NSF and the Birth of the Internet Text-only | Flash Special Report

Computing Grows in Importance
The 1970s saw computers grow in strength, speed, and capabilities. They also began to be integrated into everyday life. By the end of the decade, researchers at large companies like IBM and Xerox as well as hobbyists and backyard inventors like Steve Jobs and Bill Gates were building smaller but still powerful computers and software that businesses and individuals could use. Though not quite personal, computers were changing the way people worked and did business, and the number of people who used computers began to grow.

Image: Office workers check the printer output on an IBM Model 138 computer. Introduced in 1976, the Model 138 was similar to other computers introduced in the mid-1970s—faster, more powerful, and easier to use than previous computers. As a result, more and more companies began using computers to speed up their operations and improve their efficiency. 
Credit: IBM Archive

ARPANET Expands and Advances
Meanwhile, ARPANET began to grow rapidly as more universities and government research laboratories were hooked up to the network using tools such as TCP/IP and other innovations that allowed computers to send and receive data to other computers across the county.

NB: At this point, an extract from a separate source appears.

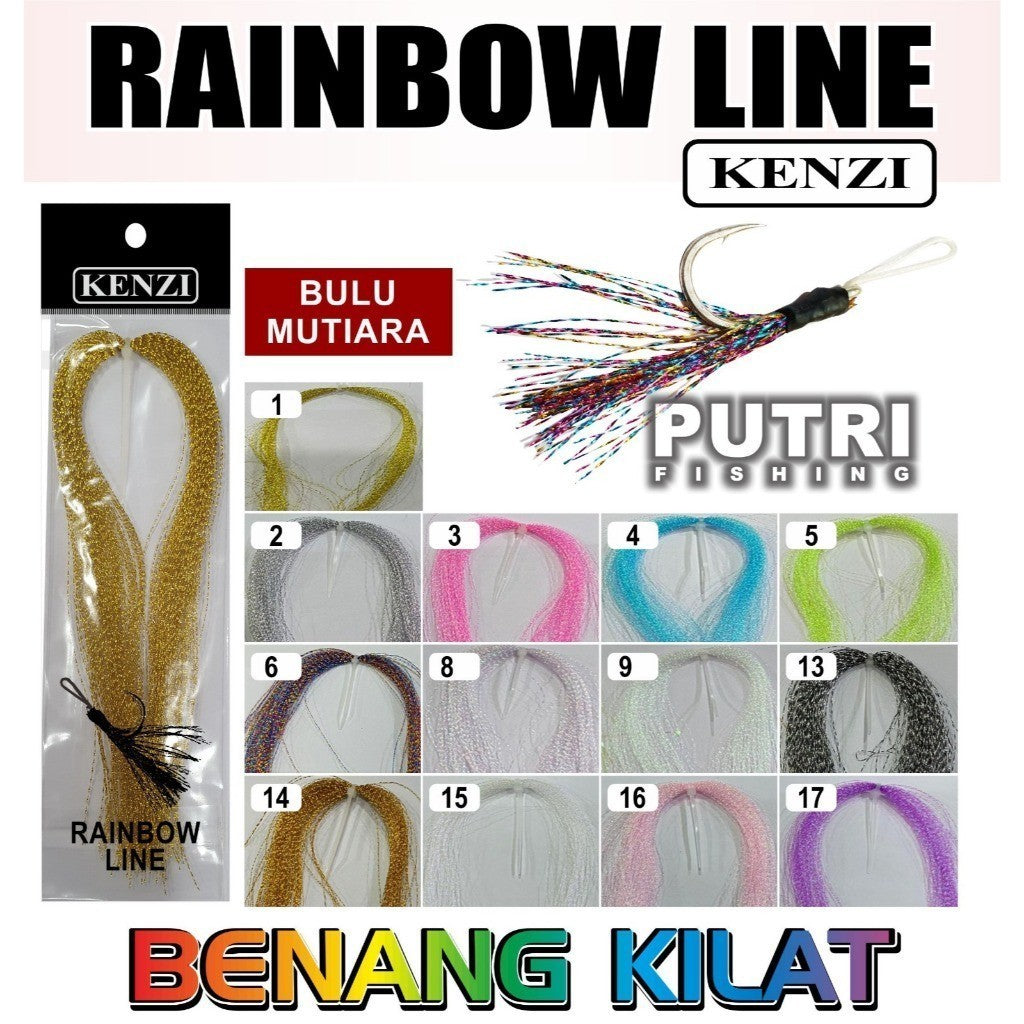 KENZI RAINBOW LINE BULU MUTIARA BENANG KILAT - Aksesoris Pancing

Image: A computer operator at the National Center for Atmospheric Research (NCAR) makes adjustments to a CRAY-1 supercomputer in the mid to late 1970s. The CRAY-1 machine provided NCAR with invaluable computing for its early efforts in tropical numerical weather prediction. Researchers across the country were beginning to see the potential of using computer networks to access these large and powerful machines from remote locations.
Credit: © University Corporation for Atmospheric Research

First Email
In 1972, researchers sent out the first email message using the now-familiar name@domain.com nomenclature we still use today. By the end of the decade, thousands of individuals across the country will be able to send and receive email. Most of these users are scientists and engineers, who use the speed of email to quickly collaborate with colleagues around the country.

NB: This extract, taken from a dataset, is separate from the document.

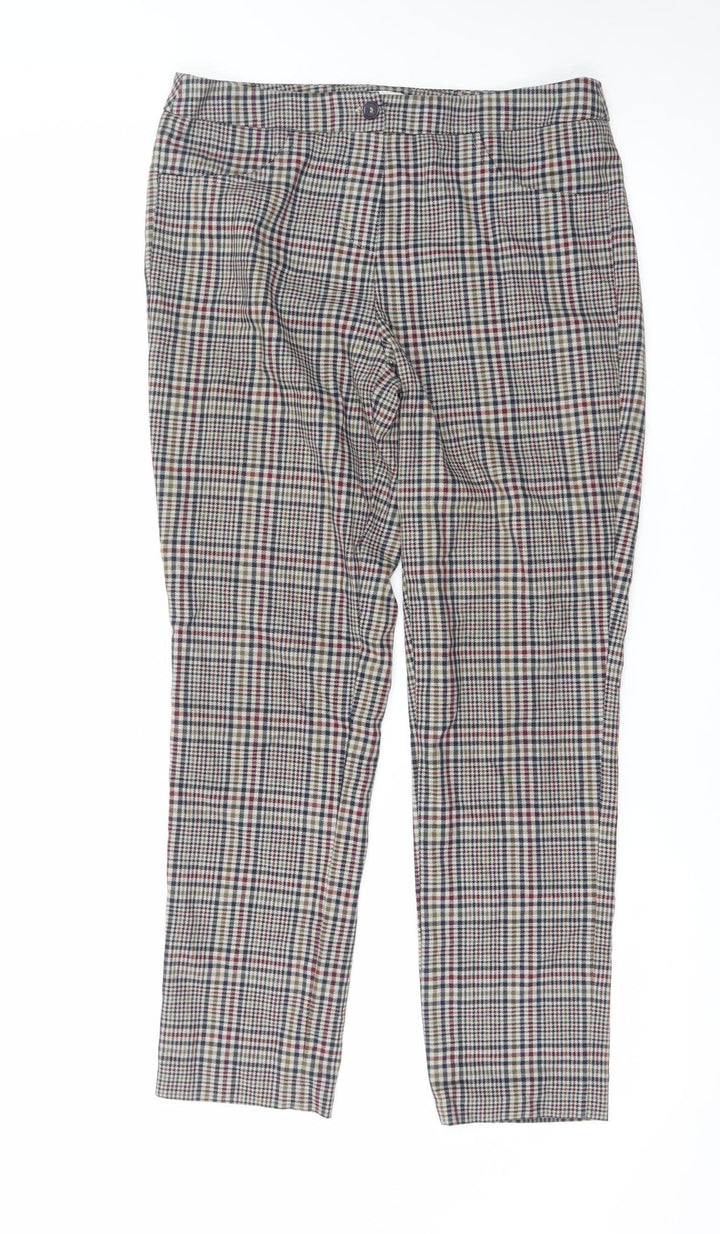 Koton Women's Multicoloured Check Straight Trousers Size 8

Image: This photo shows the two computers that sent and received the first email message using the ARPANET. The computer in the background, the BBN-TENEXB, sent the message received by the BBN-TENEXA computer in the foreground. The teletype machine on the left was a Teletype KSR-33 terminal that printed the first email.
Credit: ©1971 Dan Murphy

Network Envy
Even as ARPANET grew in size and complexity, it was only open to select organizations and institutions. This excluded a large number of computer scientists and computing centers that wanted to reap the benefits of such a robust network. By the middle of the decade, ARPA, believed that its network should be maintained by another entity.

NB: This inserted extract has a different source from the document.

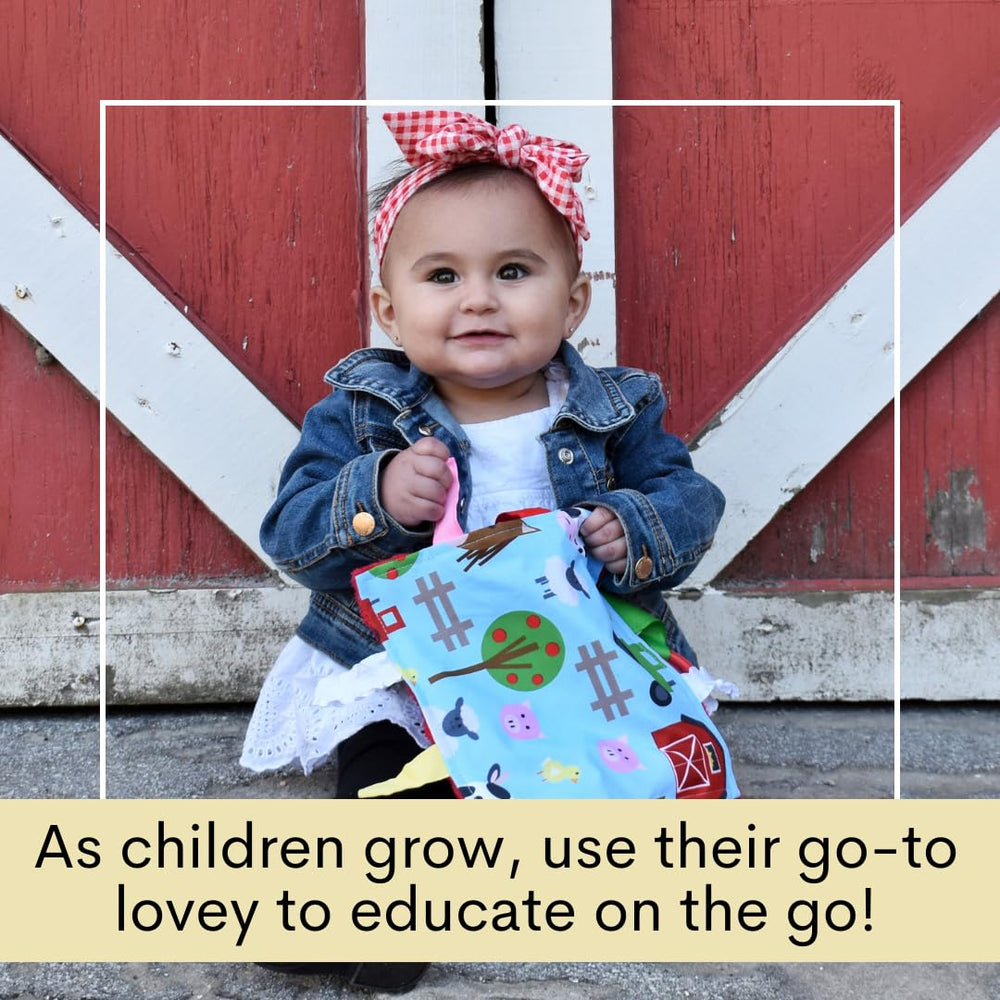The Learning Lovey dual-purpose teether and security blanket in one.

Image: A computer-generated global weather model created by Warren Washington in the 1970s. Around the world, computer scientists and researchers saw the power and potential that computer networking had to speed collaboration and share powerful computing resources.
Credit: © University Corporation for Atmospheric Research

Other Networks Arise
The 1970s showed the value and feasibility of large computer networks, but it the networks were still relatively expensive to create and maintain. By the end of the 1970s, NSF began looking into supporting other research networks that would allow more universities and research centers to be networked together. At the same time, computer networks began to spring up in Europe and Asia.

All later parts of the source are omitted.